■ Problem to solve:
Below are the records; extract from them the line containing "So that is six" to the line containing "How to reactivate", both lines included, exactly and with no pictures.

■ Entries shown:
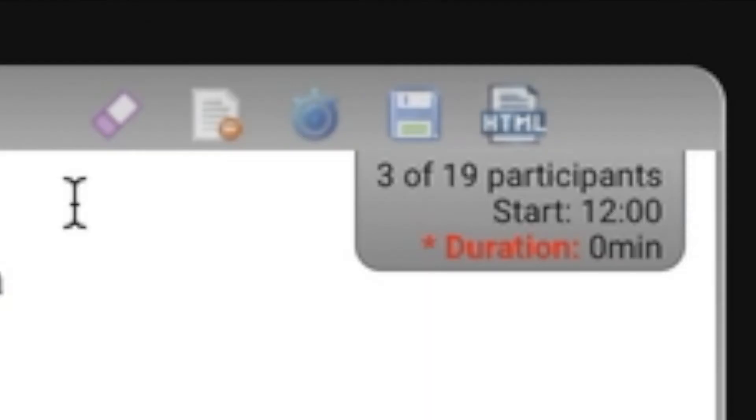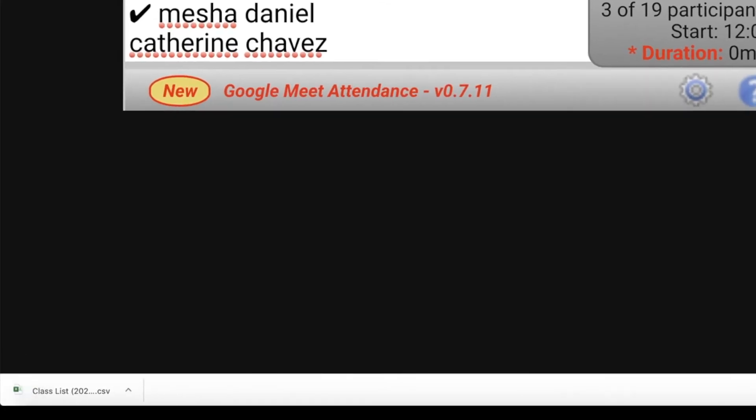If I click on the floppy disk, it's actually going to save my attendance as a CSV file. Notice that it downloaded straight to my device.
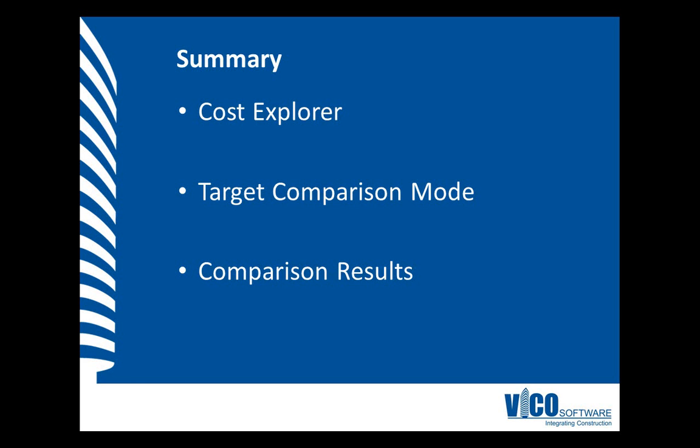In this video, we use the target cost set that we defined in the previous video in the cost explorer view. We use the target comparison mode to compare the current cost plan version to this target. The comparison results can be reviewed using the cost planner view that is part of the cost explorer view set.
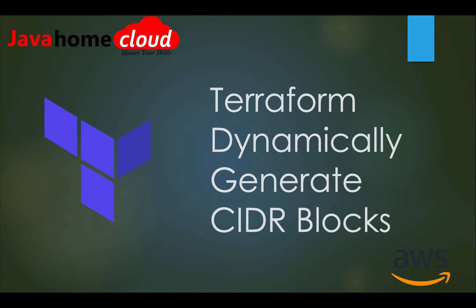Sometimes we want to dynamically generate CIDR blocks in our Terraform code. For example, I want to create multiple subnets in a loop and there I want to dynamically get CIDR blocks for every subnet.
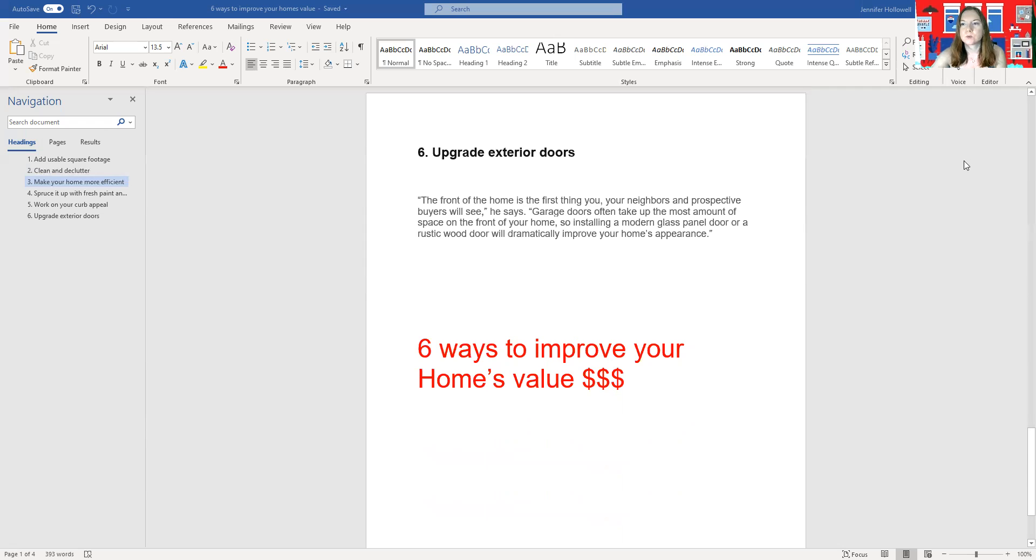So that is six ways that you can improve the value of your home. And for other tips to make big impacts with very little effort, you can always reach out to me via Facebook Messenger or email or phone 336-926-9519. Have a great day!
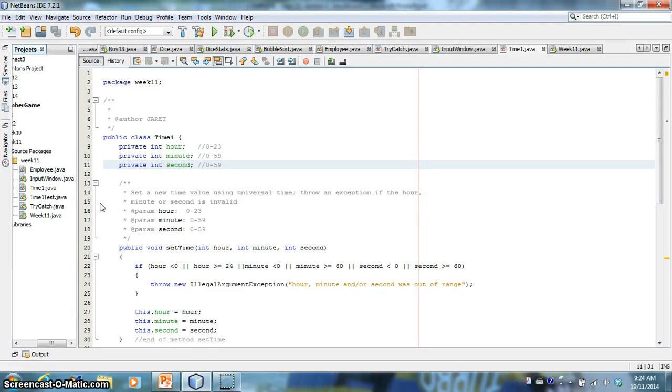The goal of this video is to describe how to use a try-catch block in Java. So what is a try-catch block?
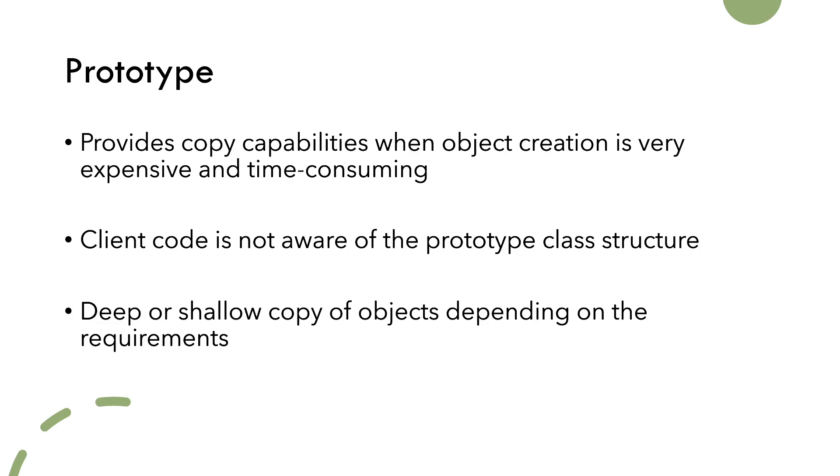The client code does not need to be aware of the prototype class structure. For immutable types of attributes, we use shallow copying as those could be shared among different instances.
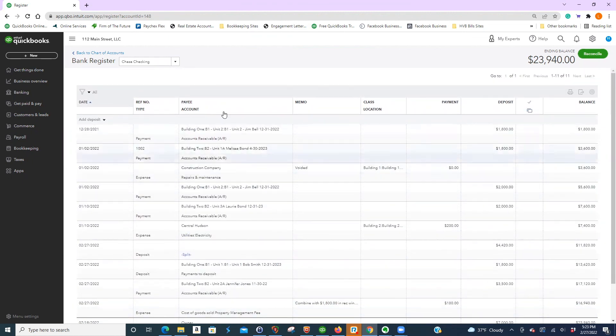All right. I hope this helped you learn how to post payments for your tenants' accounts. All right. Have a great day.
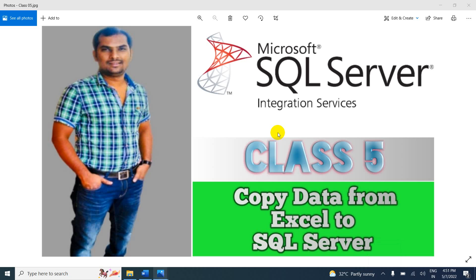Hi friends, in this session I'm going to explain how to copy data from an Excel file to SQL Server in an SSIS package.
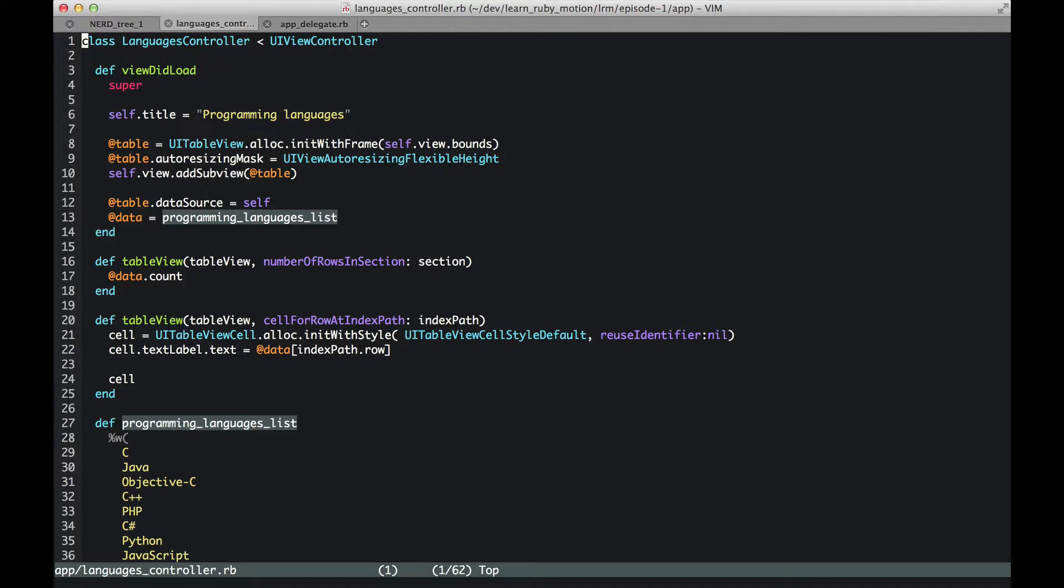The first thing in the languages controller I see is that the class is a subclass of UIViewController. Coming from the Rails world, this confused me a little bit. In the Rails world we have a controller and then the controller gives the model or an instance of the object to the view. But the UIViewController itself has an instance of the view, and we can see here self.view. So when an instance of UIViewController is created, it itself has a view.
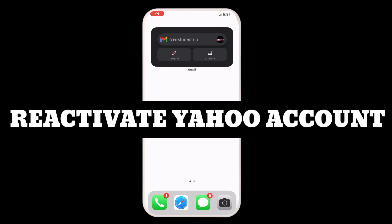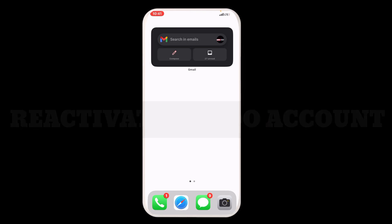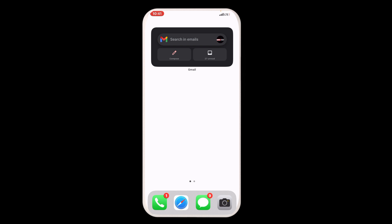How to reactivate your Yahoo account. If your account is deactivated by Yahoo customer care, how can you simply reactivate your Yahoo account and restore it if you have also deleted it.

* * *

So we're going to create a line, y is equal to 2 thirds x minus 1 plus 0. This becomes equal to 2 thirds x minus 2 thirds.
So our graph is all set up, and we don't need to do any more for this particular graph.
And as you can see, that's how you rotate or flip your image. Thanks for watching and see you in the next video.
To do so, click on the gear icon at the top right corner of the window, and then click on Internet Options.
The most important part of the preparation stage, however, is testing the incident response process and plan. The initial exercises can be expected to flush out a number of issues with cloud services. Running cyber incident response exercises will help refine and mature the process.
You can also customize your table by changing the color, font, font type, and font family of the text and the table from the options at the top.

■ Expected output:
So that is six ways that you can improve the value of your home. And for other tips to make big impacts with very little effort, you can always reach out to me via Facebook Messenger or email or phone 336-926-9519. Have a great day!
The goal of this video is to describe how to use a try-catch block in Java. So what is a try-catch block?
The client code does not need to be aware of the prototype class structure. For immutable types of attributes, we use shallow copying as those could be shared among different instances.
All right. I hope this helped you learn how to post payments for your tenants' accounts. All right. Have a great day.
Hi friends, in this session I'm going to explain how to copy data from an Excel file to SQL Server in an SSIS package.
The first thing in the languages controller I see is that the class is a subclass of UIViewController. Coming from the Rails world, this confused me a little bit. In the Rails world we have a controller and then the controller gives the model or an instance of the object to the view. But the UIViewController itself has an instance of the view, and we can see here self.view. So when an instance of UIViewController is created, it itself has a view.
How to reactivate your Yahoo account. If your account is deactivated by Yahoo customer care, how can you simply reactivate your Yahoo account and restore it if you have also deleted it.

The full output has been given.